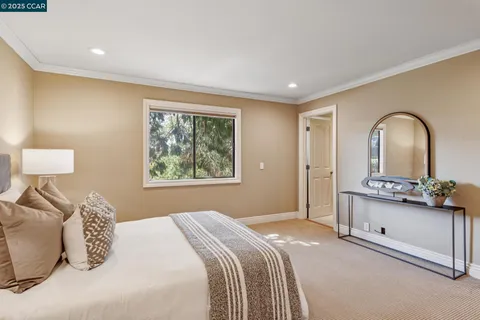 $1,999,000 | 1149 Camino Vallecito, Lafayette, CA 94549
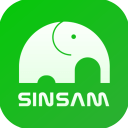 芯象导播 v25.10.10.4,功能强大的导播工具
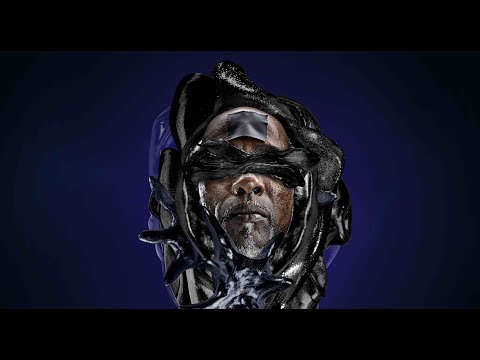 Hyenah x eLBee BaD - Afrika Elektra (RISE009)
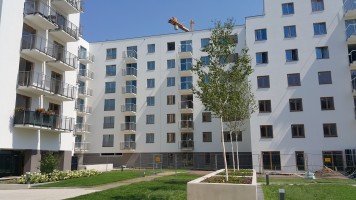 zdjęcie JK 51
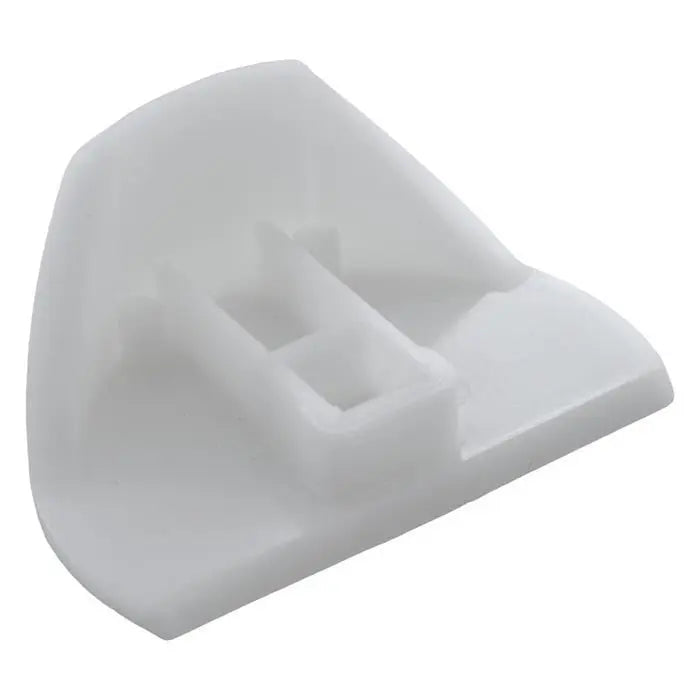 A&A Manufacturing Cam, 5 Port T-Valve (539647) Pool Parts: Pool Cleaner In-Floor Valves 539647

────────

EXERCISE DIRECTIONS →
Copy exactly, please, the lines that run from the line holding "Hyenah x eLBee" through the closing line of the material above, omitting every picture.

ANSWER TO THIS TASK →
 Hyenah x eLBee BaD - Afrika Elektra (RISE009)
 zdjęcie JK 51
 A&A Manufacturing Cam, 5 Port T-Valve (539647) Pool Parts: Pool Cleaner In-Floor Valves 539647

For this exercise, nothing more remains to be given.